Thanks to an itinerant work arrangement in which I visit different sites every day, I have some perspective on the diverse ways that IT staff maintain their Linux servers. 2014 and early 2015 have been a busy time for patching servers with bugs found in Bash, OpenSSL and glibc. Although the glibc GHOST vulnerability was announced in Jan 2015, some of our clients still haven't completed patching all of their servers. Several sysadmins have asked me about the proper rpm commands for upgrading glibc-related packages on RHEL or CentOS. I was a bit worried when they said they used commands like

rpm -Uvh --nodeps pkgName

rpm -i --force --nodeps pkgName

as hacky workarounds for dependency errors that popped up when they tried to update glibc.

For the record, at my employer Growin, we recommend the following steps for upgrading glibc.

1) First identify relevant glibc packages installed on your RHEL/CentOS system

rpm -qa | grep -E "glibc|nscd" | grep -v "compat"

This will return a list of glibc-related packages on your system with the exclusion of compat- packages which don't need to be upgraded. For why compat-glibc doesn't need to be patched, see the Redhat Solutions post Is compat-glibc affected by GHOST, glibc vulnerability CVE-2015-0235? (login required). I quote,

The dynamic libraries provided by the compat-glibc package are not vulnerable because they do not provide runtime code...

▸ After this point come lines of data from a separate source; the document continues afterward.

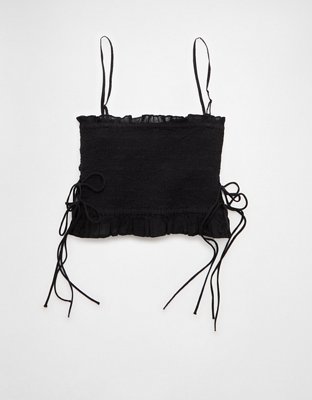 AE Smocked Tie Side Button-Up Tank Top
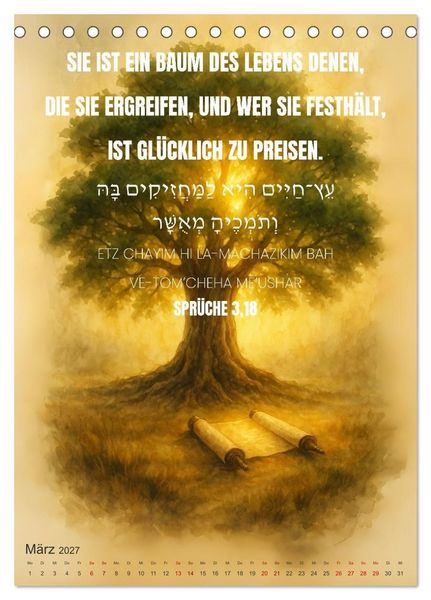 Produktbild: Weisheit, Licht und Leben &ndash; J&uuml;dische Inspiration durchs Jahr (Tischkalender 2027 DIN A5 hoch), CALVENDO Monatskalender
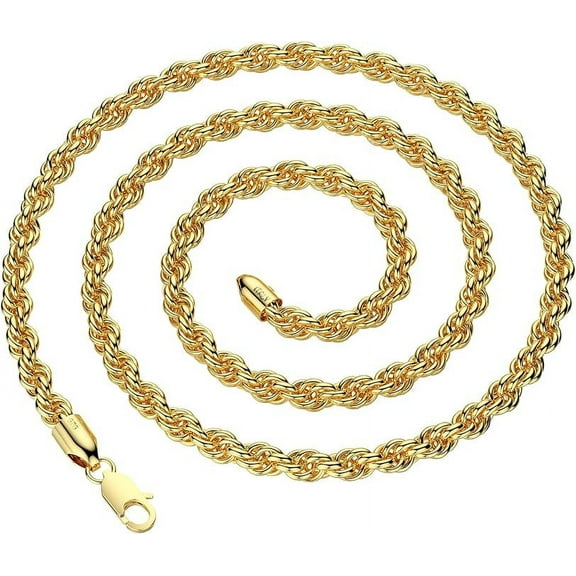 Valentine's Day gifts 18K Herringbone Flat Necklace 5MM 18" -26" Gold Plated Necklaces For Women
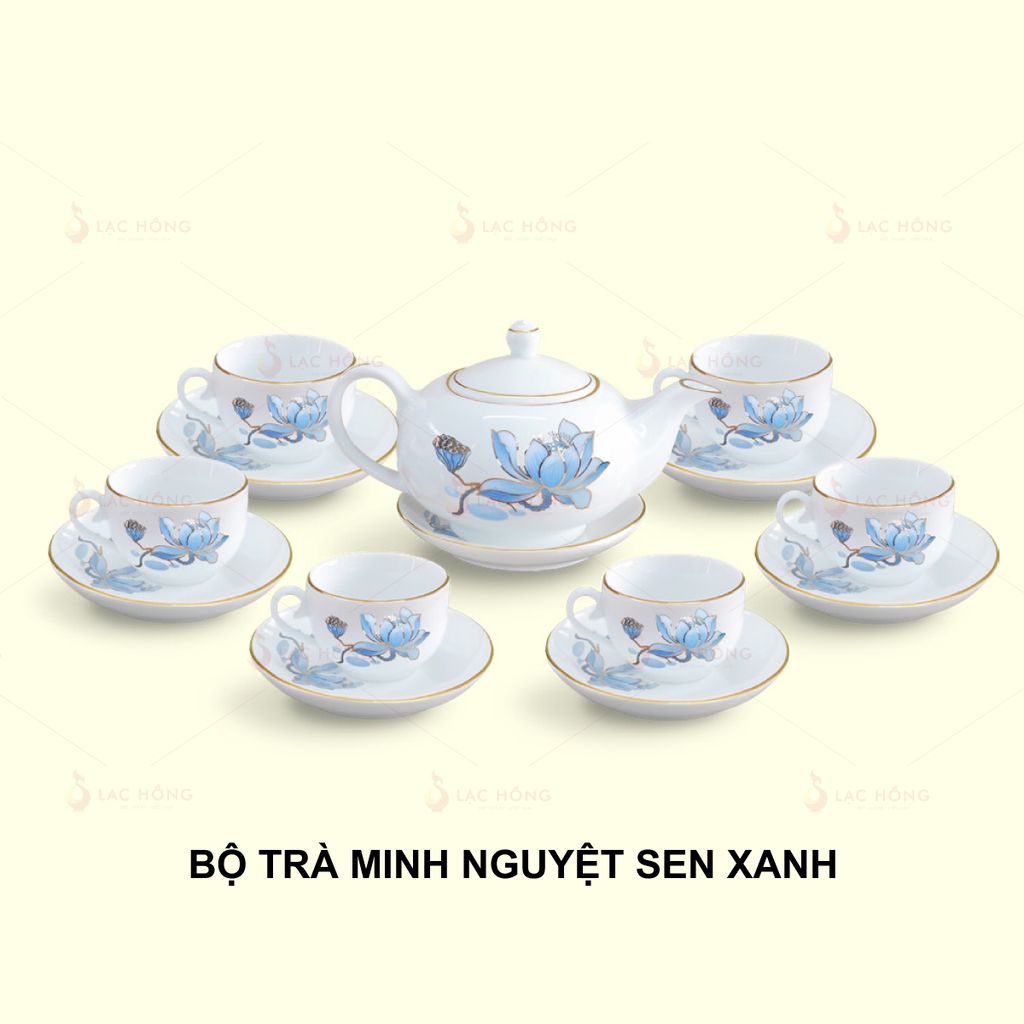 Bộ Trà Minh Nguyệt Sen Xanh Kẻ Vàng
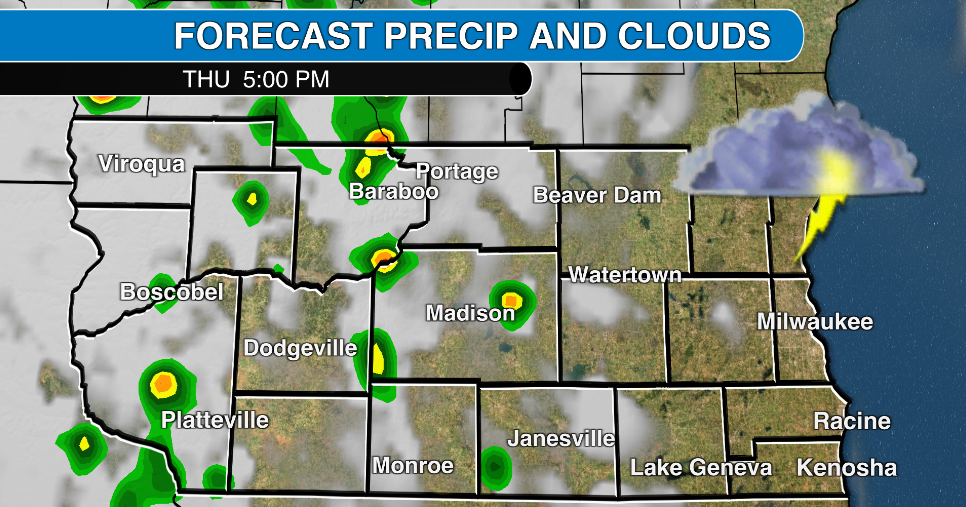 Rain chance continues across southern Wisconsin Thursday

2) Although there are more than 16 packages related to glibc that you could install, most probably you don't have glibc-debug* or the glibc-utils packages installed on your system. If these packages did not appear in the results from step 1, do not try to install them (doing so can lead to dependency errors)! Prepare only the updated rpm's that you need for an upgrade in a separate directory and then

rpm -Uvh glibc*

should do the trick. If your system has nscd installed, the above command would become:

rpm -Uvh glibc* nscd*

It is also possible to skip step 1 if you use the rpm -F flag (--freshen), which, according to man rpm:

will upgrade packages, but only ones for which an earlier version is installed

Desktop Linux users of Fedora, CentOS, or other rpm-based distros might wonder why sysadmins go to all the trouble of manually upgrading packages using rpm -Uvh pkgName when they could just do a yum update and upgrade all packages at one go.

There are several good reasons for not using yum update in an enterprise environment. First, some servers are only connected to an internal network. Second, custom applications created by developers may be compiled against a certain version of the C libraries in glibc, so doing a yum update runs the risk of breaking applications. Mainly for the second reason, it is not uncommon to see production servers running really old kernels like 2.6.18 (RHEL 5.X), and I have heard horror stories from coworkers about companies that use even older kernels!